The required output is the exact run of lines in the listing below from the line holding "Elegant Trochus Shell" through the line holding "TV-skænk WOOOD Exclusive", with no pictures.

* The records:
- Opening Delimiter -
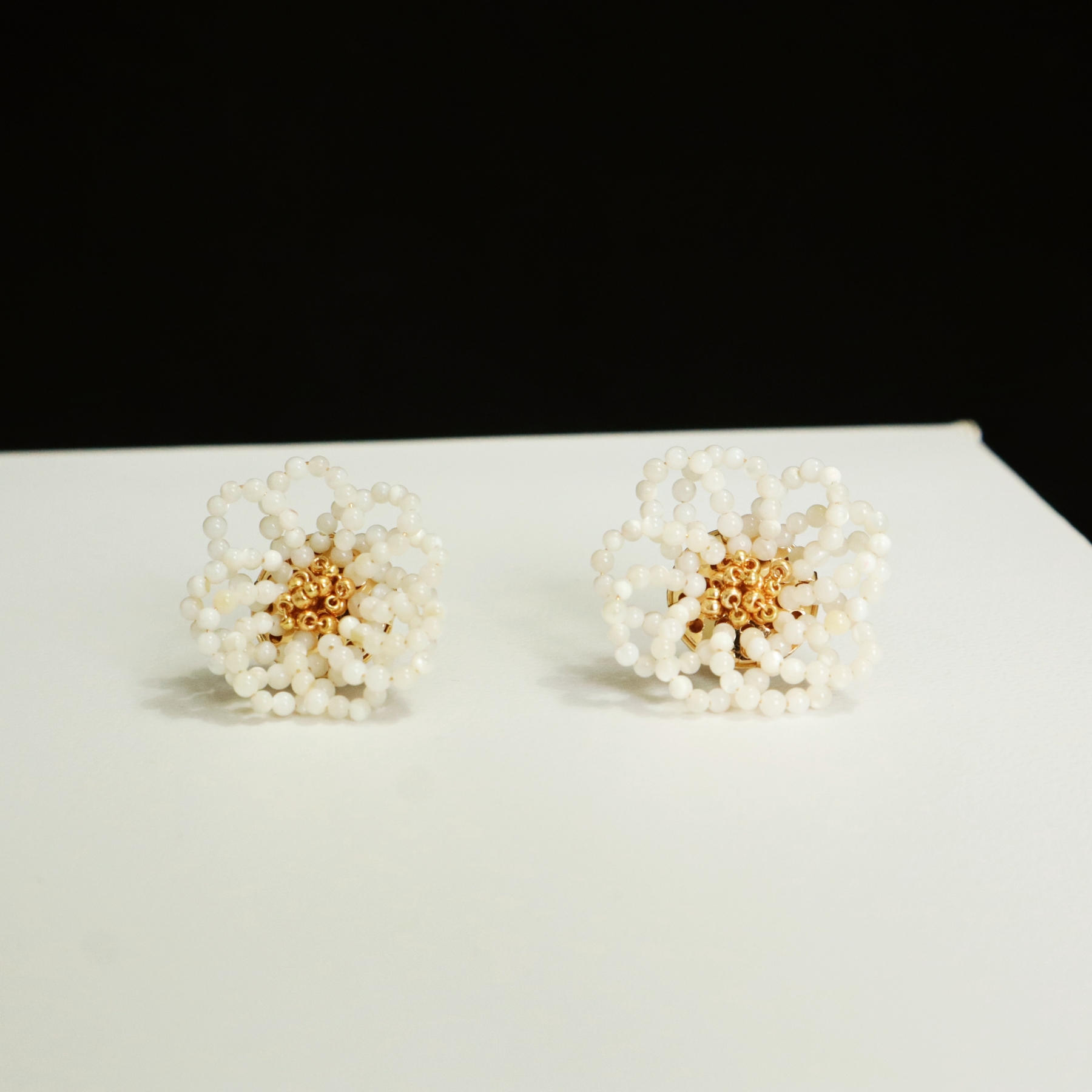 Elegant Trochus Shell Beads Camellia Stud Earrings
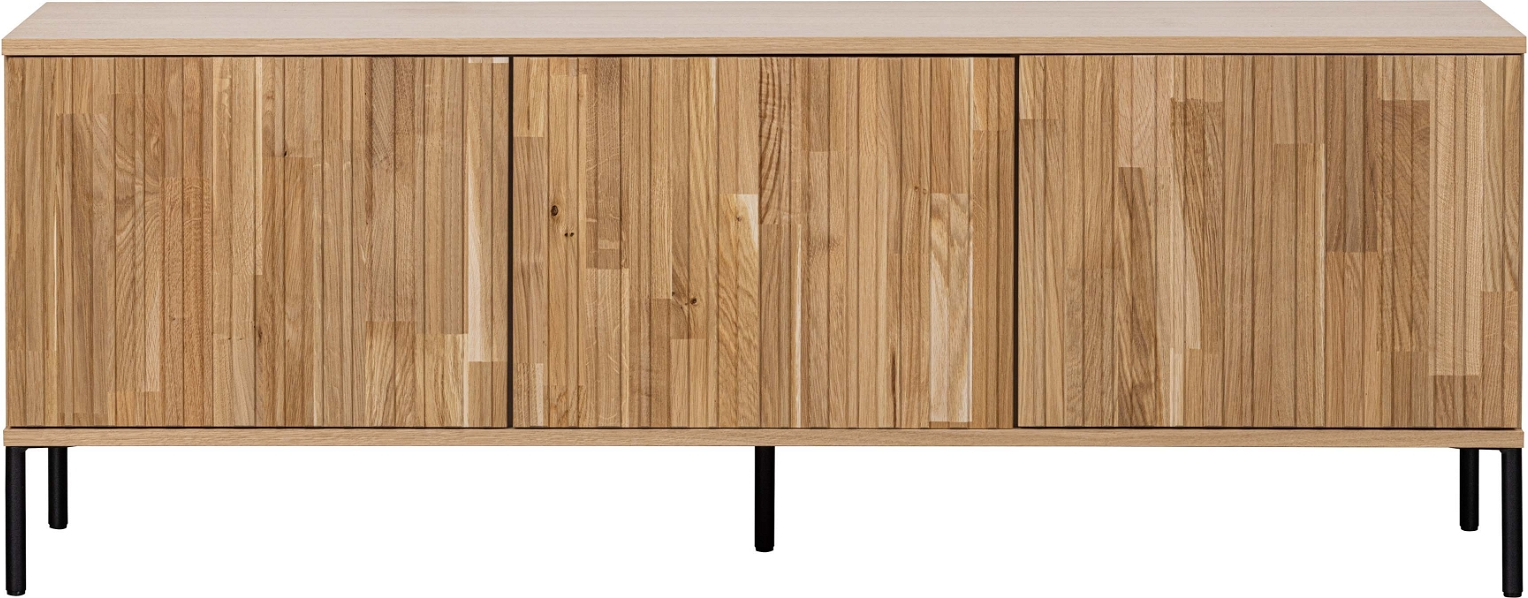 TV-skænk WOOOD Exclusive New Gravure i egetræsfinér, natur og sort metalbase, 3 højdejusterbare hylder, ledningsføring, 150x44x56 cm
- Closing Delimiter -
- Opening Delimiter -
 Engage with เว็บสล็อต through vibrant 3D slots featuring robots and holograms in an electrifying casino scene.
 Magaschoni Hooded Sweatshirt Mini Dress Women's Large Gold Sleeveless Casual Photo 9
- Closing Delimiter -
* Response to the exercise:
 Elegant Trochus Shell Beads Camellia Stud Earrings
 TV-skænk WOOOD Exclusive New Gravure i egetræsfinér, natur og sort metalbase, 3 højdejusterbare hylder, ledningsføring, 150x44x56 cm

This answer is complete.